The Department of Energy should reconsider its proposed rule to increase conservation standards for distribution transformers, 47 U.S. senators said in a June 1 letter to Secretary of Energy Jennifer Granholm. The bipartisan letter was led by Senator Bill Hagerty (R-TN).
On December 28, 2022, DOE announced it was proposing new energy efficiency standards for distribution transformers to improve the resiliency of the grid.
For over a year, the electric sector has been informing DOE about the severity of the supply chain challenges that have prolonged and complicated distribution transformer production and availability.

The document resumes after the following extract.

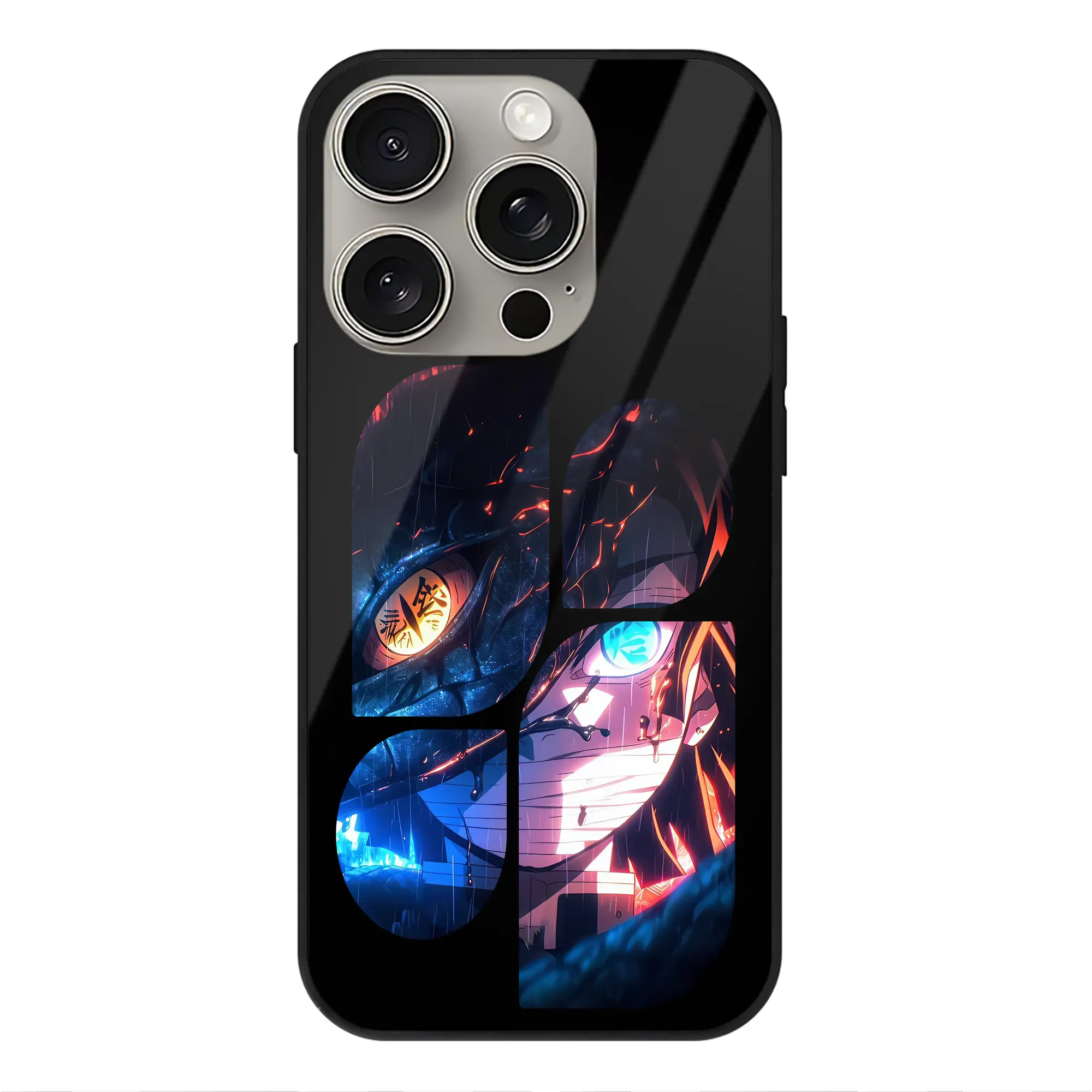 鬼滅の刃 グッズ,伊黒 小芭内 - IPhone15Pro対応 ・ スマホケース ・ 背面ガラス ・ TPU+強化ガラス ・ 耐衝撃 ・ 黄変防止 ・ ワイヤレス充電対応 ・ 3D立体ボタン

In announcing the proposed rule, DOE stated it “represents a strategic step to advance the diversification of transformer core technology, which will conserve energy and reduce costs. Almost all transformers produced under the new standard would feature amorphous steel cores, which are significantly more energy efficient than those made of traditional, grain-oriented electrical steel.”
“The availability of critical grid components remains a significant challenge for the electric power industry that could impact national security, grid reliability and resilience, as well as the ability to continue the important work of electrification and grid modernization,” the Senators wrote in their letter.
The proposed rule increases efficiency standards on distribution transformers, critical grid products, which currently are no less than 97.7% energy efficient, “at a time when the industry is struggling due to a significant increase in demand, supply chain issues, and skilled workforce shortage,” they said.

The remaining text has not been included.